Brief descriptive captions
<<<<
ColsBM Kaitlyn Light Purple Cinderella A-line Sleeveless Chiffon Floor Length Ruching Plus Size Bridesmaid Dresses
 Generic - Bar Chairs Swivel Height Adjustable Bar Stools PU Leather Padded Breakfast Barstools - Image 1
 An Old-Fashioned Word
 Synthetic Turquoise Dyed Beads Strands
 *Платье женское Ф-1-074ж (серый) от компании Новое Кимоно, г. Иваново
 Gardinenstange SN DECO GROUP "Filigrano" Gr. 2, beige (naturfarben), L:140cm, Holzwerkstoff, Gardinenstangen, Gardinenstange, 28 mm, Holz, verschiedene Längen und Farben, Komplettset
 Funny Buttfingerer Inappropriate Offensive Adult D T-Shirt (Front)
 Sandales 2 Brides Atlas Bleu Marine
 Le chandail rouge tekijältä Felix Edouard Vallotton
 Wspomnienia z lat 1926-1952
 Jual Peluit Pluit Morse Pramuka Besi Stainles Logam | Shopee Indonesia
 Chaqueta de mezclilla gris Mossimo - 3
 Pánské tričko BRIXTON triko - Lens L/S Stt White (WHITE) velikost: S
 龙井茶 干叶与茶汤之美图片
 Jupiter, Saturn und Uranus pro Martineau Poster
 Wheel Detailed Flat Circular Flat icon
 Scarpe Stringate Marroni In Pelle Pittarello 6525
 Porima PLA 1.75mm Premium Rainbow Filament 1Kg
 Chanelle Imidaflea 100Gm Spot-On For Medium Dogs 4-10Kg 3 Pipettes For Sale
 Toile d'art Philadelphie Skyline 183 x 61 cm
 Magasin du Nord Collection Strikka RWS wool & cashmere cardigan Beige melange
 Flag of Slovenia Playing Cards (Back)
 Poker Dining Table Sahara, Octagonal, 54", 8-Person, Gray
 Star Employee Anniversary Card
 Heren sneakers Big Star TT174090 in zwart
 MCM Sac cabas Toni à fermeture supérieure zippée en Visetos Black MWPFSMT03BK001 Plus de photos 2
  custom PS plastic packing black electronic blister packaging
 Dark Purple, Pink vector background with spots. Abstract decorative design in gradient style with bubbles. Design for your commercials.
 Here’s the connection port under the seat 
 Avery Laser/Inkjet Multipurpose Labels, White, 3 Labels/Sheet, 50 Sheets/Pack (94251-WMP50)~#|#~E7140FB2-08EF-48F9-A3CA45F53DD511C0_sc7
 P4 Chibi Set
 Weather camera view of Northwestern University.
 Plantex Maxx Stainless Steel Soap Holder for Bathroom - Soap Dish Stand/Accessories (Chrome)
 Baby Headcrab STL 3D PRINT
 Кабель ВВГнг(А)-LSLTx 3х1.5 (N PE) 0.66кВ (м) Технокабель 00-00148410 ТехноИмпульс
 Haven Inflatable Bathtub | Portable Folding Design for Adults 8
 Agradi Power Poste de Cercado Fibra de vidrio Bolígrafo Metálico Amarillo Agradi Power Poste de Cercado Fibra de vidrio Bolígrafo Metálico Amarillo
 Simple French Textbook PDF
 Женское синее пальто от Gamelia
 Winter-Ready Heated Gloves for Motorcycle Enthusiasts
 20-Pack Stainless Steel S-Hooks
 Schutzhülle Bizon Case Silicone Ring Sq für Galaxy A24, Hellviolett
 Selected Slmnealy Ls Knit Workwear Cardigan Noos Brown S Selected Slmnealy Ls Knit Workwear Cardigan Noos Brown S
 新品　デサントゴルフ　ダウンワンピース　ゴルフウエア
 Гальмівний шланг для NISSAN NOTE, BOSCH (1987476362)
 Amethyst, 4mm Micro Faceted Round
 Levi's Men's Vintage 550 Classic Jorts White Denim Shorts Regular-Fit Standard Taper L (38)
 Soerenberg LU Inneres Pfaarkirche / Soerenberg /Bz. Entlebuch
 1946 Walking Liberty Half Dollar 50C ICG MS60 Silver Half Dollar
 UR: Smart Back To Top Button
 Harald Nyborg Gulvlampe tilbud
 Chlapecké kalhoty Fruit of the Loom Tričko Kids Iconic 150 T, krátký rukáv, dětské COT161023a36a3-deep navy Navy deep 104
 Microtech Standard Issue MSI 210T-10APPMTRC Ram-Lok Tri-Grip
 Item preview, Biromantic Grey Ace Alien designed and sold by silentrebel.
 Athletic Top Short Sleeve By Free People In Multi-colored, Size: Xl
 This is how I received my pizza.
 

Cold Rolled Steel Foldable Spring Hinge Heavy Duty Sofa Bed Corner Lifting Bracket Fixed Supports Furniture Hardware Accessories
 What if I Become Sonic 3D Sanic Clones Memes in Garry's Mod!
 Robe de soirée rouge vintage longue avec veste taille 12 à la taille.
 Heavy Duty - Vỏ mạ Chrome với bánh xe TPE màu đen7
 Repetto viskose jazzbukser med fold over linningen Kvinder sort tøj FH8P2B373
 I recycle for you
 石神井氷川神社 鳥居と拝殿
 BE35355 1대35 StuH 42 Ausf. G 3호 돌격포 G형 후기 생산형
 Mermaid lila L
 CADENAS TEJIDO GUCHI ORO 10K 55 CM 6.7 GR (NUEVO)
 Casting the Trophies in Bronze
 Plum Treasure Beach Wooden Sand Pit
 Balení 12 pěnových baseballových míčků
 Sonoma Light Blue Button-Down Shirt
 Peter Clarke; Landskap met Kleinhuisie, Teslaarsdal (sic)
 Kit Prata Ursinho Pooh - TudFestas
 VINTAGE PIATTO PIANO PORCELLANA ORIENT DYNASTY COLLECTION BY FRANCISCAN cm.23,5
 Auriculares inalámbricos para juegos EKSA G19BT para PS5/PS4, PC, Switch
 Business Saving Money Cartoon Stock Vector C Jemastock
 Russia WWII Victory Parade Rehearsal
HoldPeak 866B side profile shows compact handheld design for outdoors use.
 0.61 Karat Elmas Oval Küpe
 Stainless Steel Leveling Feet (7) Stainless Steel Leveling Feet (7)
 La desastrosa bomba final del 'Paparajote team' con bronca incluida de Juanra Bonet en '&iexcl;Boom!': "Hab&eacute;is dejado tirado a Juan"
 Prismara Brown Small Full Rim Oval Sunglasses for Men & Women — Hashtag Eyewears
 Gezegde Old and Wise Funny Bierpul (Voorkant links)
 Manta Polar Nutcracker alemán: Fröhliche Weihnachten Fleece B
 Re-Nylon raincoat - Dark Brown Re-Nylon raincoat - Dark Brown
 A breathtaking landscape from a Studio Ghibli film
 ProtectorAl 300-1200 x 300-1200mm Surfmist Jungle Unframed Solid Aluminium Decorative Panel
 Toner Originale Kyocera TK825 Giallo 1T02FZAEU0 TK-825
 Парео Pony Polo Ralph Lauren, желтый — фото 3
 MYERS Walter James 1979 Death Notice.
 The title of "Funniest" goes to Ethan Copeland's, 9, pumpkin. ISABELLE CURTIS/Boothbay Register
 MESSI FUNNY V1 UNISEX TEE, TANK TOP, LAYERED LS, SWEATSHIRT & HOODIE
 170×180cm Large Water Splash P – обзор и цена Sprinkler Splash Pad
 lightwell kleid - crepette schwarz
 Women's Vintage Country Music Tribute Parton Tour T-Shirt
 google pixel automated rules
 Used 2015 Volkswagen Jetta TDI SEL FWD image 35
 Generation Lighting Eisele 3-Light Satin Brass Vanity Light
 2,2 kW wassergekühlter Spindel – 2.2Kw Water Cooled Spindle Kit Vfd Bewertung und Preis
>>>>
Retype the records above without changing a single word.

ColsBM Kaitlyn Light Purple Cinderella A-line Sleeveless Chiffon Floor Length Ruching Plus Size Bridesmaid Dresses
 Generic - Bar Chairs Swivel Height Adjustable Bar Stools PU Leather Padded Breakfast Barstools - Image 1
 An Old-Fashioned Word
 Synthetic Turquoise Dyed Beads Strands
 *Платье женское Ф-1-074ж (серый) от компании Новое Кимоно, г. Иваново
 Gardinenstange SN DECO GROUP "Filigrano" Gr. 2, beige (naturfarben), L:140cm, Holzwerkstoff, Gardinenstangen, Gardinenstange, 28 mm, Holz, verschiedene Längen und Farben, Komplettset
 Funny Buttfingerer Inappropriate Offensive Adult D T-Shirt (Front)
 Sandales 2 Brides Atlas Bleu Marine
 Le chandail rouge tekijältä Felix Edouard Vallotton
 Wspomnienia z lat 1926-1952
 Jual Peluit Pluit Morse Pramuka Besi Stainles Logam | Shopee Indonesia
 Chaqueta de mezclilla gris Mossimo - 3
 Pánské tričko BRIXTON triko - Lens L/S Stt White (WHITE) velikost: S
 龙井茶 干叶与茶汤之美图片
 Jupiter, Saturn und Uranus pro Martineau Poster
 Wheel Detailed Flat Circular Flat icon
 Scarpe Stringate Marroni In Pelle Pittarello 6525
 Porima PLA 1.75mm Premium Rainbow Filament 1Kg
 Chanelle Imidaflea 100Gm Spot-On For Medium Dogs 4-10Kg 3 Pipettes For Sale
 Toile d'art Philadelphie Skyline 183 x 61 cm
 Magasin du Nord Collection Strikka RWS wool & cashmere cardigan Beige melange
 Flag of Slovenia Playing Cards (Back)
 Poker Dining Table Sahara, Octagonal, 54", 8-Person, Gray
 Star Employee Anniversary Card
 Heren sneakers Big Star TT174090 in zwart
 MCM Sac cabas Toni à fermeture supérieure zippée en Visetos Black MWPFSMT03BK001 Plus de photos 2
  custom PS plastic packing black electronic blister packaging
 Dark Purple, Pink vector background with spots. Abstract decorative design in gradient style with bubbles. Design for your commercials.
 Here’s the connection port under the seat 
 Avery Laser/Inkjet Multipurpose Labels, White, 3 Labels/Sheet, 50 Sheets/Pack (94251-WMP50)~#|#~E7140FB2-08EF-48F9-A3CA45F53DD511C0_sc7
 P4 Chibi Set
 Weather camera view of Northwestern University.
 Plantex Maxx Stainless Steel Soap Holder for Bathroom - Soap Dish Stand/Accessories (Chrome)
 Baby Headcrab STL 3D PRINT
 Кабель ВВГнг(А)-LSLTx 3х1.5 (N PE) 0.66кВ (м) Технокабель 00-00148410 ТехноИмпульс
 Haven Inflatable Bathtub | Portable Folding Design for Adults 8
 Agradi Power Poste de Cercado Fibra de vidrio Bolígrafo Metálico Amarillo Agradi Power Poste de Cercado Fibra de vidrio Bolígrafo Metálico Amarillo
 Simple French Textbook PDF
 Женское синее пальто от Gamelia
 Winter-Ready Heated Gloves for Motorcycle Enthusiasts
 20-Pack Stainless Steel S-Hooks
 Schutzhülle Bizon Case Silicone Ring Sq für Galaxy A24, Hellviolett
 Selected Slmnealy Ls Knit Workwear Cardigan Noos Brown S Selected Slmnealy Ls Knit Workwear Cardigan Noos Brown S
 新品　デサントゴルフ　ダウンワンピース　ゴルフウエア
 Гальмівний шланг для NISSAN NOTE, BOSCH (1987476362)
 Amethyst, 4mm Micro Faceted Round
 Levi's Men's Vintage 550 Classic Jorts White Denim Shorts Regular-Fit Standard Taper L (38)
 Soerenberg LU Inneres Pfaarkirche / Soerenberg /Bz. Entlebuch
 1946 Walking Liberty Half Dollar 50C ICG MS60 Silver Half Dollar
 UR: Smart Back To Top Button
 Harald Nyborg Gulvlampe tilbud
 Chlapecké kalhoty Fruit of the Loom Tričko Kids Iconic 150 T, krátký rukáv, dětské COT161023a36a3-deep navy Navy deep 104
 Microtech Standard Issue MSI 210T-10APPMTRC Ram-Lok Tri-Grip
 Item preview, Biromantic Grey Ace Alien designed and sold by silentrebel.
 Athletic Top Short Sleeve By Free People In Multi-colored, Size: Xl
 This is how I received my pizza.
 

Cold Rolled Steel Foldable Spring Hinge Heavy Duty Sofa Bed Corner Lifting Bracket Fixed Supports Furniture Hardware Accessories
 What if I Become Sonic 3D Sanic Clones Memes in Garry's Mod!
 Robe de soirée rouge vintage longue avec veste taille 12 à la taille.
 Heavy Duty - Vỏ mạ Chrome với bánh xe TPE màu đen7
 Repetto viskose jazzbukser med fold over linningen Kvinder sort tøj FH8P2B373
 I recycle for you
 石神井氷川神社 鳥居と拝殿
 BE35355 1대35 StuH 42 Ausf. G 3호 돌격포 G형 후기 생산형
 Mermaid lila L
 CADENAS TEJIDO GUCHI ORO 10K 55 CM 6.7 GR (NUEVO)
 Casting the Trophies in Bronze
 Plum Treasure Beach Wooden Sand Pit
 Balení 12 pěnových baseballových míčků
 Sonoma Light Blue Button-Down Shirt
 Peter Clarke; Landskap met Kleinhuisie, Teslaarsdal (sic)
 Kit Prata Ursinho Pooh - TudFestas
 VINTAGE PIATTO PIANO PORCELLANA ORIENT DYNASTY COLLECTION BY FRANCISCAN cm.23,5
 Auriculares inalámbricos para juegos EKSA G19BT para PS5/PS4, PC, Switch
 Business Saving Money Cartoon Stock Vector C Jemastock
 Russia WWII Victory Parade Rehearsal
HoldPeak 866B side profile shows compact handheld design for outdoors use.
 0.61 Karat Elmas Oval Küpe
 Stainless Steel Leveling Feet (7) Stainless Steel Leveling Feet (7)
 La desastrosa bomba final del 'Paparajote team' con bronca incluida de Juanra Bonet en '&iexcl;Boom!': "Hab&eacute;is dejado tirado a Juan"
 Prismara Brown Small Full Rim Oval Sunglasses for Men & Women — Hashtag Eyewears
 Gezegde Old and Wise Funny Bierpul (Voorkant links)
 Manta Polar Nutcracker alemán: Fröhliche Weihnachten Fleece B
 Re-Nylon raincoat - Dark Brown Re-Nylon raincoat - Dark Brown
 A breathtaking landscape from a Studio Ghibli film
 ProtectorAl 300-1200 x 300-1200mm Surfmist Jungle Unframed Solid Aluminium Decorative Panel
 Toner Originale Kyocera TK825 Giallo 1T02FZAEU0 TK-825
 Парео Pony Polo Ralph Lauren, желтый — фото 3
 MYERS Walter James 1979 Death Notice.
 The title of "Funniest" goes to Ethan Copeland's, 9, pumpkin. ISABELLE CURTIS/Boothbay Register
 MESSI FUNNY V1 UNISEX TEE, TANK TOP, LAYERED LS, SWEATSHIRT & HOODIE
 170×180cm Large Water Splash P – обзор и цена Sprinkler Splash Pad
 lightwell kleid - crepette schwarz
 Women's Vintage Country Music Tribute Parton Tour T-Shirt
 google pixel automated rules
 Used 2015 Volkswagen Jetta TDI SEL FWD image 35
 Generation Lighting Eisele 3-Light Satin Brass Vanity Light
 2,2 kW wassergekühlter Spindel – 2.2Kw Water Cooled Spindle Kit Vfd Bewertung und Preis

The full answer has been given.